→ Dataset items:
☆ ☆ ☆ ☆ ☆
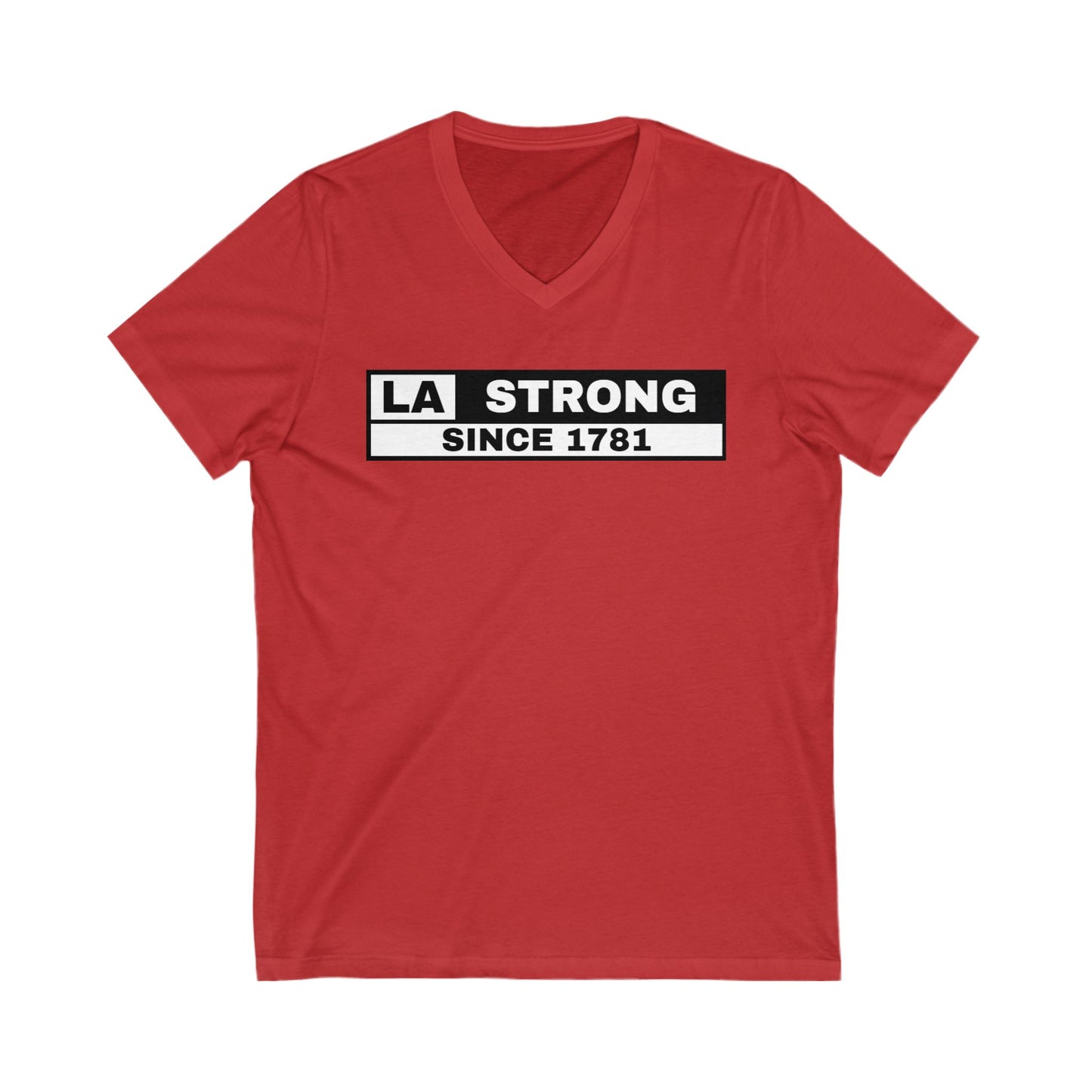 LA Strong V-Neck Tee - Unisex Gray Shirt Celebrating Los Angeles Heritage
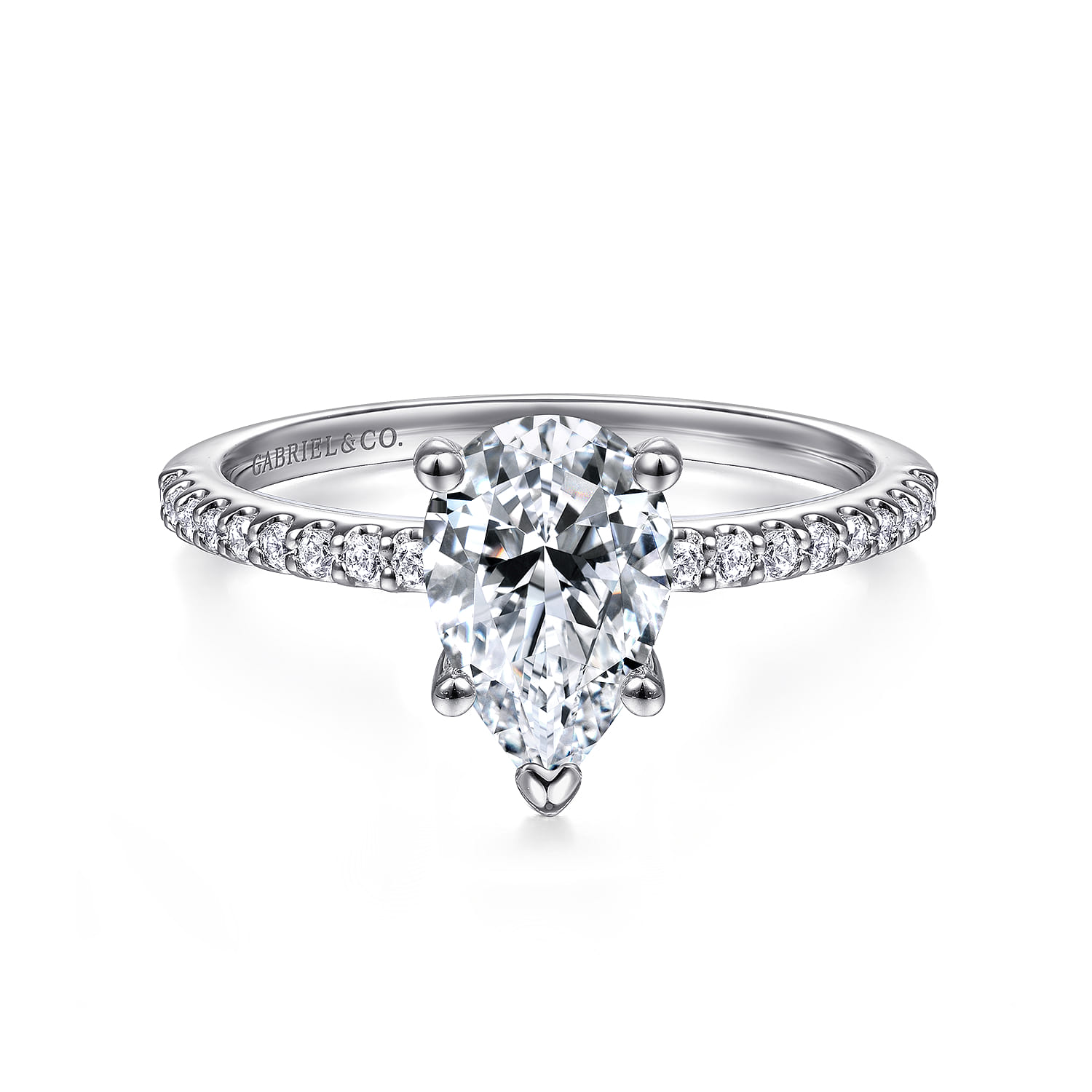 Amata - 14K White Gold Pear Shape Diamond Engagement Ring - 0.14 ct - Shot 1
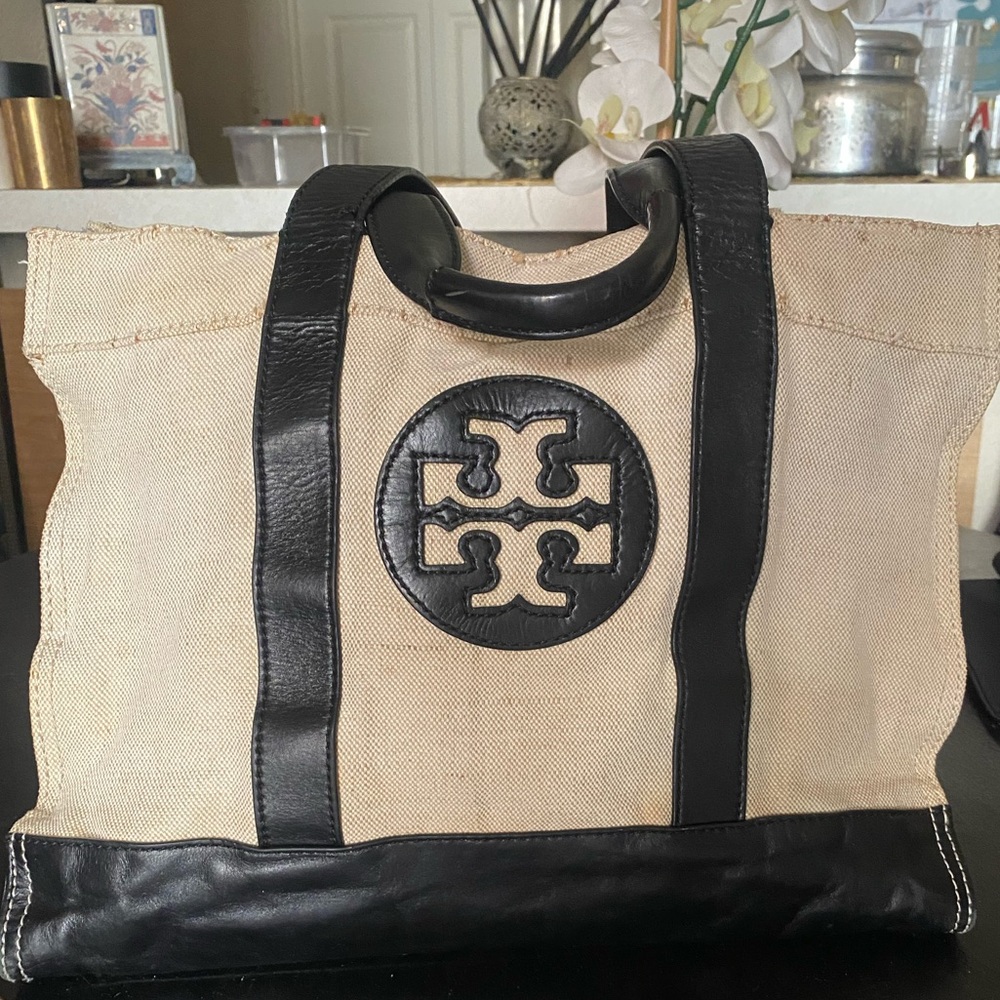 Tory Burch Large “Ella” Canvas Tote Bag w/Black Leather Trimming.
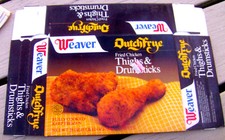 RARO 1982 WEAVER HOLANDÊS FRITADEIRA caixa de frango frito congelado antiga EMBALAGEM DE ALIMENTOS VINTAGE  comprar usado  Enviando para Brazil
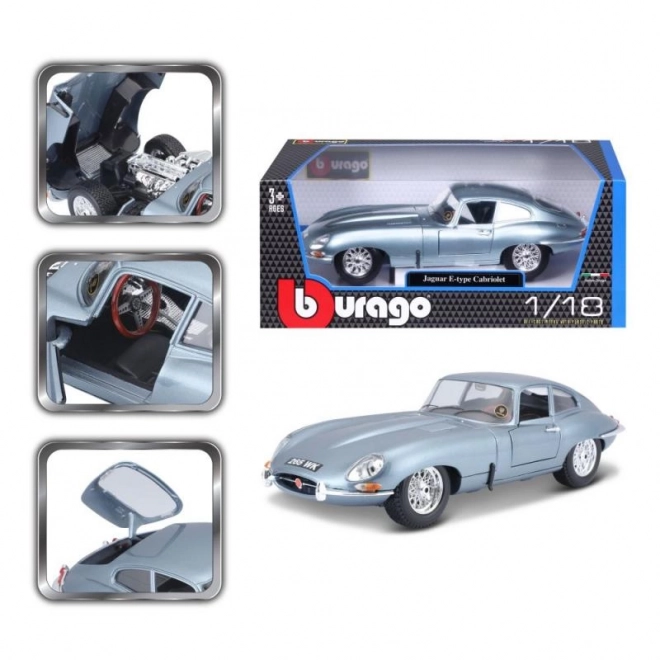 Bburago Jaguar E-Type Coupe Metallic Silver Blue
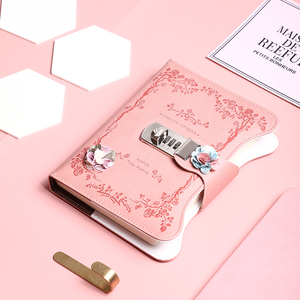 New Arrival nhỏ gọn Kawaii B6 <span class=keywords><strong>PU</strong></span> notepad có thể khóa máy tính xách tay với trái tim/Sao khóa cho nhật ký & Memo chụp địa chỉ cuốn sách bìa giấy - Product Image 5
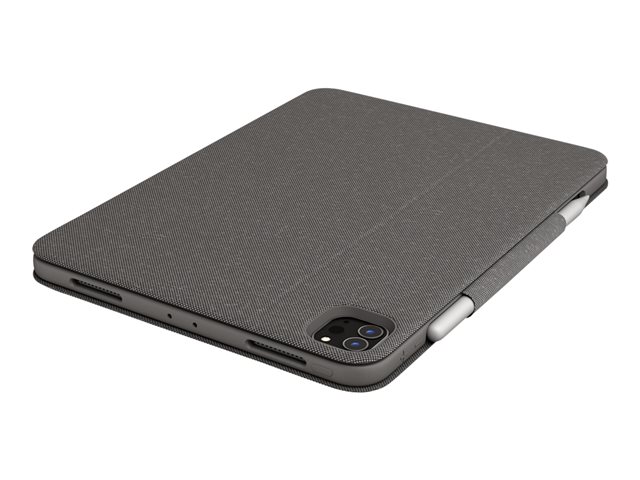 Logitech Folio Touch - Keyboard and folio case - with trackpad - backlit - Apple Smart connector - AZERTY - French - oxford grey - for Apple 10.9-inch iPad Air (4th generation, 5th generation)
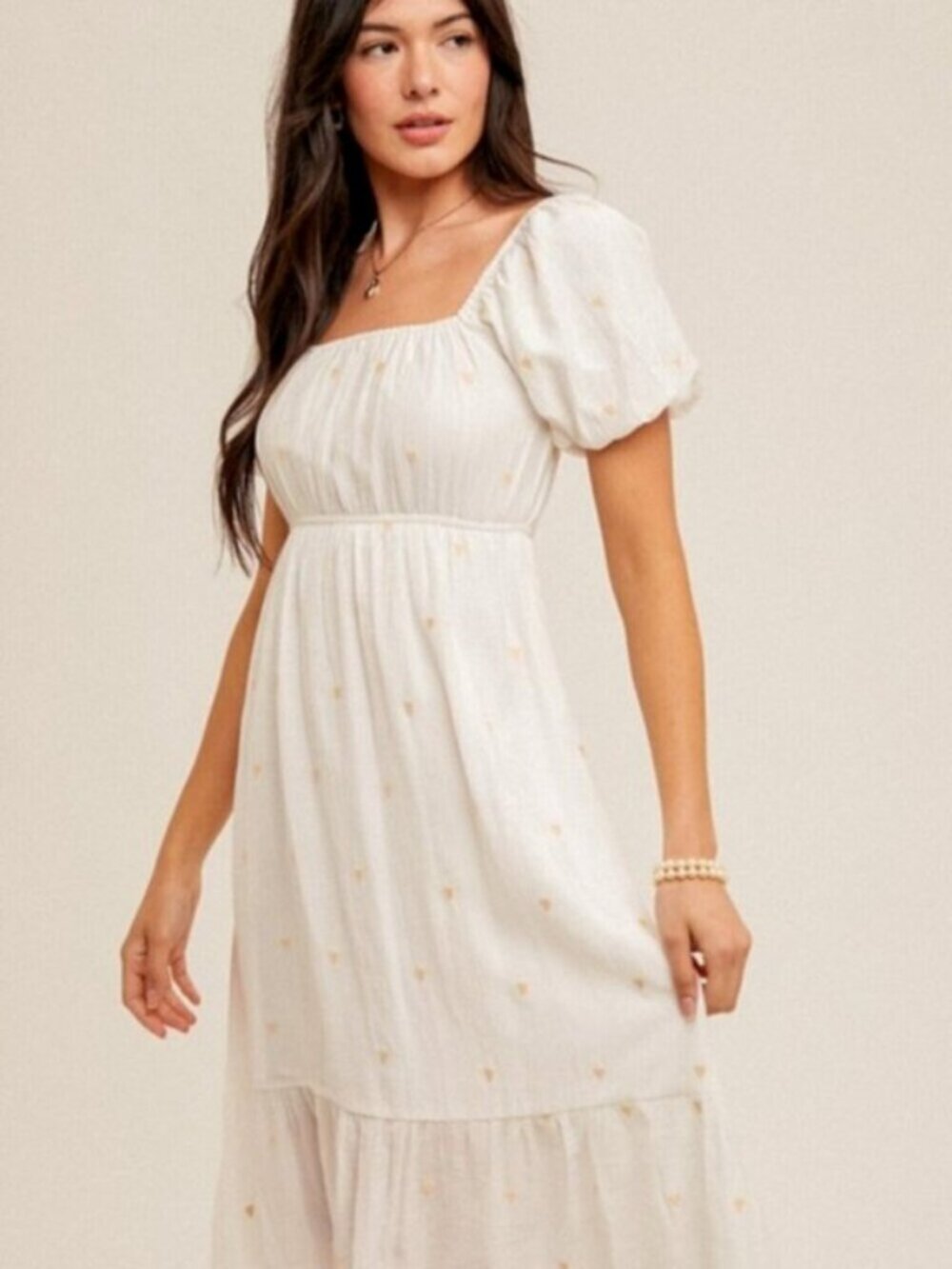 HEM & THREAD Bubble Sleeve Heart Embroidered Dress White NWT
☆ ☆ ☆ ☆ ☆
→ EXERCISE DIRECTIONS: What is needed is an exact copy of only the lines above from the one with "Bburago Jaguar E-Type" to the one with "New Arrival nhỏ", both kept, with every picture left out.

→ TASK SOLUTION:
 Bburago Jaguar E-Type Coupe Metallic Silver Blue
 New Arrival nhỏ gọn Kawaii B6 <span class=keywords><strong>PU</strong></span> notepad có thể khóa máy tính xách tay với trái tim/Sao khóa cho nhật ký & Memo chụp địa chỉ cuốn sách bìa giấy - Product Image 5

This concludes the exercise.